Giden herkesin ballandırarak anlatması üzerine son bir süredir gidilecekler listemin üst sıralarında yer alıyordu. Gelen bir teklife gözüm kapalı atladım ve birkaç gün sonra Antep’deydim.
Temmuz ayı olmasından dolayı gündüzleri sıcaktan biraz bunalsak da hiçbir şey bizi Antep mutfağından alıkoyamadı.
Neler yemedik ki!
Beyran, yapımı 10 saate yakın süren ve Antep’in kahvaltılarını süsleyen bir lezzet. Ben öğle yemeği olarak yedim ve tam bir lezzet şöleniydi. Antep’de beyran için tercih edilecek en iyi yer; Metanet, şiddetle tavsiye!

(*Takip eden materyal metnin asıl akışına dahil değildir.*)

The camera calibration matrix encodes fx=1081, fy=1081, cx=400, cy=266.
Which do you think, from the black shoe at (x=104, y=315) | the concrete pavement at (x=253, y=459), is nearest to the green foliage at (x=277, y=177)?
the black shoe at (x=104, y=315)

Antep’de Katmer yedikten sonra bir daha başka bir yerde aynı lezzeti yakalamak zor. Zira bu lezzete dair farkındalığım tavan yapmış durumda. İncecik açılmış baklava hamuru arasında tepeleme antep fıstığı ve kaymak düşünün, çıtır çıtır ve ağızda dağılıyor. (Yazıyı yazmakta zorlanıyorum. İçim bir fena oluyor). Biz katmeri bir çok yerde denedik ama en güzelini Anteplilerin de favori mekanlarından biri olan Orkide Pastanesinde yedik.
Ciğeri genelde Edirne tava yemeğe alışkın biriyim. Antep’de ciğer kebabı sayıklayarak gezen ekipteki arkadaşımız için sorduk soruşturduk Antep’in en iyilerinden Ciğerci Mustafa ustanın yolunu tuttuk. Beklenti içerisinde olmadan gittiğim mekandan bendimi çiğneyip aşarak bir porsiyonda eve paket alarak çıktım.

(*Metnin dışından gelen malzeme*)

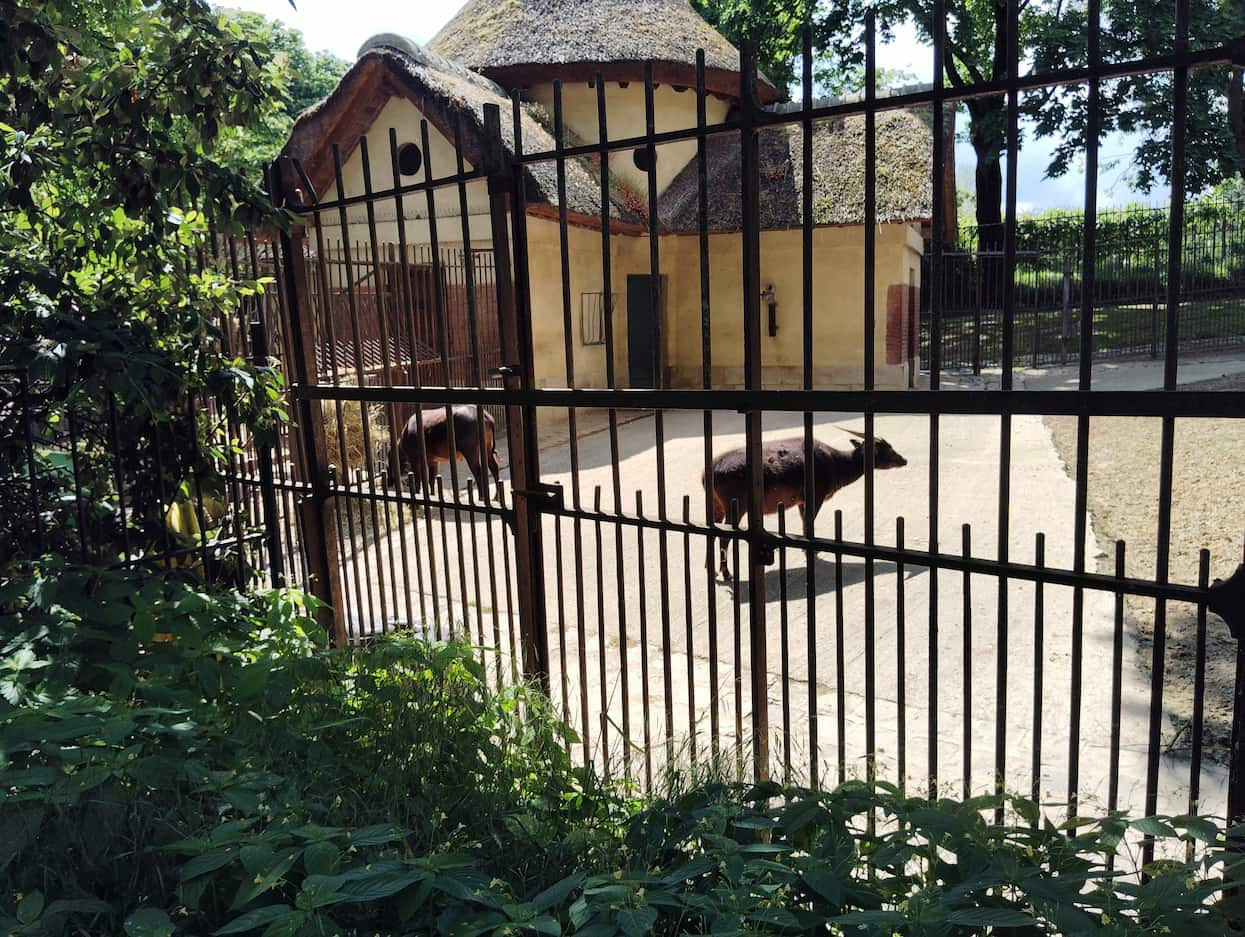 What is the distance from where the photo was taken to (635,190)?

Patlıcan hangi yemeğe girse yeri bende ayrıdır. Mezesi, salatası, kızartması uzar gider, patlıcana aşkım büyük.
Patlıcan kebabının mahareti şişe dizilmiş patlıcaların kabuklarının çatalın ucuyla dahi sıyrılması. Birecik’de Fırat nehri kenarındaki Kıyı Restoran bu işin hakkını verenlerden. Kaç patılcan yedim bilmiyorum. Yanında da közde biber ve domates,nar ekişili salata, buz gibi soğuk ayran.

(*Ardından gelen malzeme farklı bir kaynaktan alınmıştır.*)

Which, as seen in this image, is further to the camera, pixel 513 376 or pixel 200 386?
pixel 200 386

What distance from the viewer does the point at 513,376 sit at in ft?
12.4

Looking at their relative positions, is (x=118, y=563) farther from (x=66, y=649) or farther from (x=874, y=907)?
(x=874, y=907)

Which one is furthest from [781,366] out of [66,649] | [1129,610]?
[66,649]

Şerbetli tatlılarla aşk yaşayanlar bilir künefenin hası Antep ve Antakya ‘dadir. Cumba‘da yediğimiz taze künefe ocaktan alındıktan sonra üzerine dökülen şerbet ile serinletilip masaya servis ediliyor. Üstüne bolca kaymak ve ağızdaki şekeri alsın diye yanında servis edilen soğuk süt ile künefe ağızda şölene dönüşüyor.
Baharat cenneti
Antep’e gelip de bakırcılar çarşısına gitmeyen yoktur. Önce bu otantik çarşıda kendimizi kaybedip torba torba kap kacak aldıktan sonra Yolumuz Zeytin Han’a düştü. Tarihi bir handa çeşit çeşit baharatlar içerisine düşünce burada da ne var ne yoksa topladık. Pul biberden nar ekşisine, antep fıstığından menengiç kahvesine.
Halfeti kafası
Atatürk ve Birecik barajlarının kurulmasıyla Fırat nehrinin yükselen suları altına kalan Halfeti inanılmaz bir görünüme sahip. Batık bir köyün üstünde tekne ile dolaşmak yaşadağım en ilginç deneyimlerden biri oldu. Yolunuz Bu yakınlara düşerse uğramadan dönmeyin.